Following 18 months of construction and installation, the ALPLA Group and PTT Global Chemical are opening the state-of-the-art ENVICCO recycling plant in Thailand. With an annual production capacity of 45,000 tonnes of recycled PET and HDPE, it is one of the largest recycling plants for these plastics in Asia. With this plant, the two companies will strengthen the region’s circular economy and supply the growing markets with high-quality recycled material.

Thirty thousand tonnes of recycled, food-grade PET and 15,000 tonnes of recycled HDPE – the packaging and recycling specialist ALPLA and the chemical company PTT Global Chemical (GC) have realised Thailand’s largest plastics recycling plant of its kind. After around 18 months of construction, production is set to start at the ENVICCO joint venture. Located in an economic zone on the coast of the south-eastern province of Rayong, the plant is equipped with the latest recycling technology and production lines to manufacture high-quality plastic recyclates with approval from the USFDA.
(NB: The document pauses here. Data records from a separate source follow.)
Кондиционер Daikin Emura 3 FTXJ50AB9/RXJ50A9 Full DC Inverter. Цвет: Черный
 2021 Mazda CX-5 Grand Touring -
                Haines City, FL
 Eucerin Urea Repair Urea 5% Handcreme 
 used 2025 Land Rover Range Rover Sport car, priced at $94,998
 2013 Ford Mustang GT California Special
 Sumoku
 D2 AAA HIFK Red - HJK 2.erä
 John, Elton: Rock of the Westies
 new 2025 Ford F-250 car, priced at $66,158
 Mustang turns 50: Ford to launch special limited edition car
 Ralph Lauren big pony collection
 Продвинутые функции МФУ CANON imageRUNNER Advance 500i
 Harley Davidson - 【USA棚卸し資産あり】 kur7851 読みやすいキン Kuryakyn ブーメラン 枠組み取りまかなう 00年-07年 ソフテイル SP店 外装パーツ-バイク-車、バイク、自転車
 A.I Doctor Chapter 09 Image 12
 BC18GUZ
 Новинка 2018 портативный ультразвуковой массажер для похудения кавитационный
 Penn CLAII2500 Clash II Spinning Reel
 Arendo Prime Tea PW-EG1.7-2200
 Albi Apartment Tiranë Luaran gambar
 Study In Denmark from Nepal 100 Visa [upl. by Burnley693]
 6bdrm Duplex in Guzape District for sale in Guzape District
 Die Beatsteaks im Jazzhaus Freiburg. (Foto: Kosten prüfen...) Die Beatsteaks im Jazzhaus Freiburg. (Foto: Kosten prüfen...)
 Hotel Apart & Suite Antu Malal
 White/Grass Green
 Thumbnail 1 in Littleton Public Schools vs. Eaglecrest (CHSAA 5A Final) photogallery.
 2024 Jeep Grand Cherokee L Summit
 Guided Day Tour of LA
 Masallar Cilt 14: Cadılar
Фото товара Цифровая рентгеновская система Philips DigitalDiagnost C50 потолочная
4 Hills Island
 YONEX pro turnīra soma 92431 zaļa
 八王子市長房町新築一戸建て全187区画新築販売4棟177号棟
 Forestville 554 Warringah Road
‘Built in record time thanks to the excellent collaboration with GC, this highly modern plant is an important part of our recycling activities in Asia,’ said ALPLA Chairman Günther Lehner during the grand opening on 13 September. The opening was also attended, among others, by Kongkrapan Intarajang (Chief Executive Officer and President, GC), Dietmar Marin (ALPLA Managing Director Recycling) and Bernd Wachter (ALPLA Corporate Director Circular Economy & Recycling Asia).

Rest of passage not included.